You can level from 1 up to 100.

At lvl 1, you have 100 hp, 30mana, and 1 skill point.
At lvl 100 you have 1000 hp, 120mana, and 100 skill points.

Skills require mana to cast. Skill points work in a similar fashion to Diablo2. Each time you level up, you gain a point, and can invest it into a skill. You can stack them to make a certain skill more powerful, or invest that point into a new skill.

Whenever you kill someone, you gain their level in xp.
So if you kill a lvl 27 player, then you gain 27 xp. It doesn't matter what level you are, only what level they are.

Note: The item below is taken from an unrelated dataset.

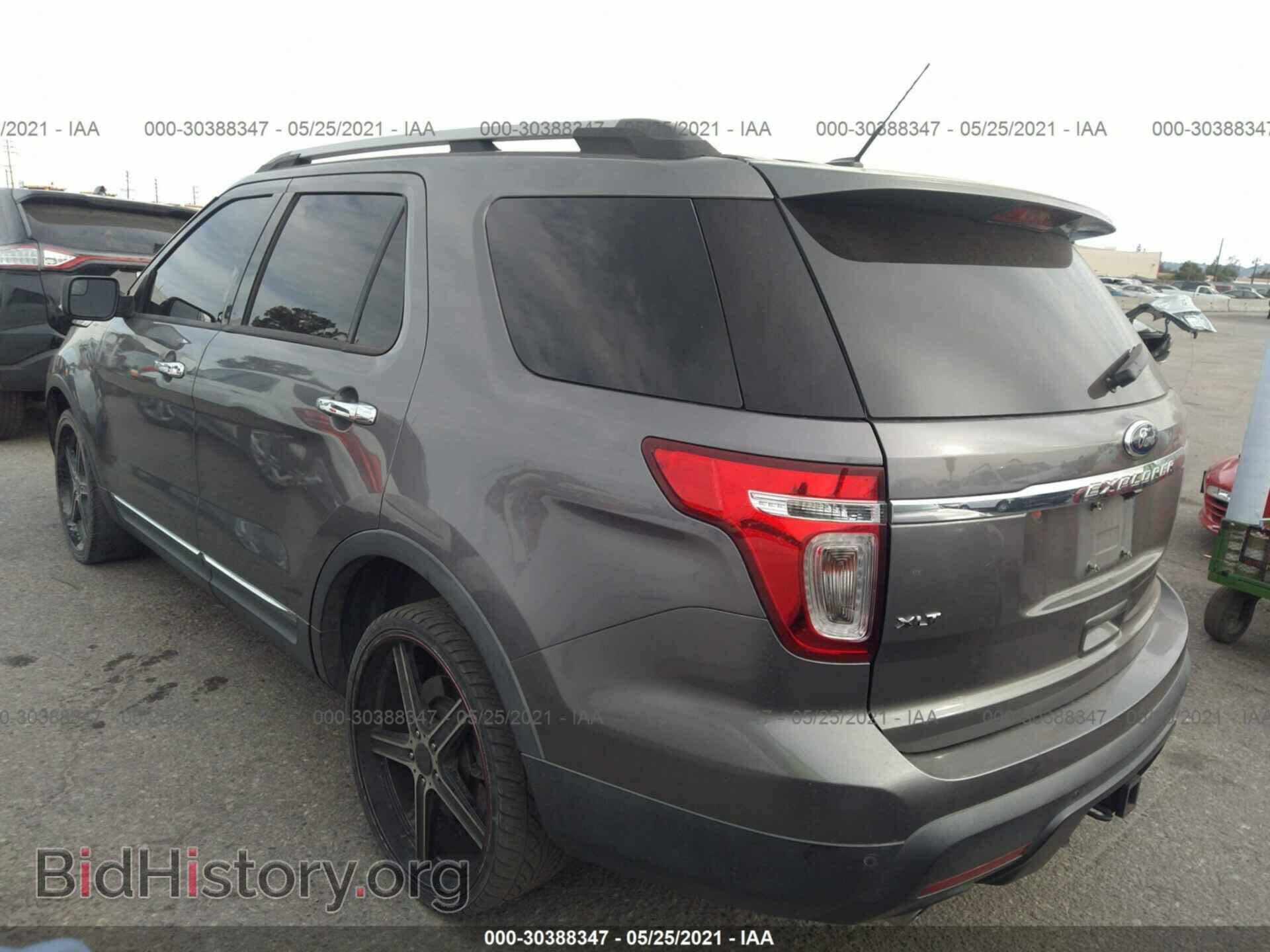 2014 FORD EXPLORER - VIN: 1FM5K7D83EGA17779 - Фото 3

So if a lvl 1 person fights a lvl 100 person.. the lvl 1 person will recieve 100xp each time he kills the lvl 100 guy.. while the lvl 100 guy only recieves 1xp for killing the noobie.

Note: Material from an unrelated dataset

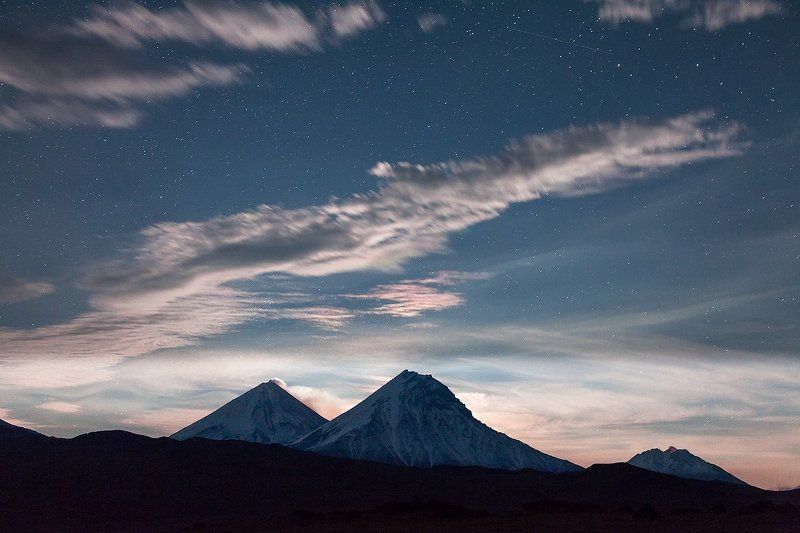 Лунный рассвет фото превью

This means there's a lot more to gain for the lvl 1 guy in the fight, although he's still going to die a whole lot of times. Chances are, a lvl 1 guy on his own would never be able to kill a lvl 100 guy.. simply because the lvl 100 guy would be able to reheal any damage recieved in the time it takes the noobie to respawn. However.. theoretically, 100 lvl 1 guys could easily take down 1 lvl 100 guy. Not that I'd ever have 101 people in the same server.

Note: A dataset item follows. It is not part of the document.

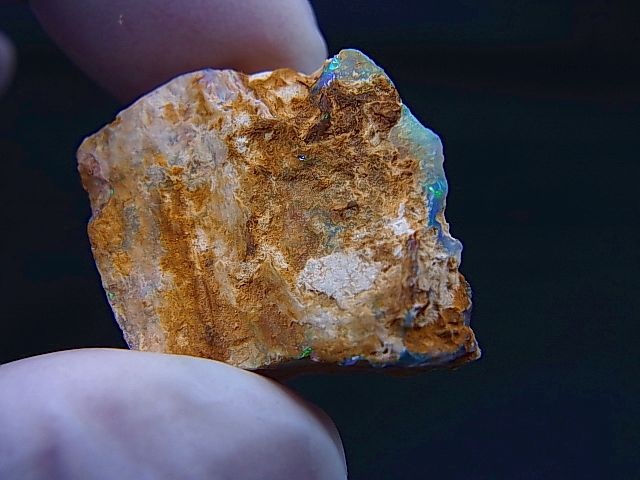 画像: オーストラリア産オパール原石 5.9g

Right now, lvl 100 guys would simply be considered a boss monster. And if you're only lvl 8, you're best bet is to run. Although if you manage to kill a lvl 100 guy.. it'd be the equivalent of killing 12.5 other level 8 characters.. so it'd be a pretty awesome kill.

I do like that versatility idea, although I think it might limit the amount of skills I can make. Also, people won't be as excited about leveling up, because the gains aren't that great.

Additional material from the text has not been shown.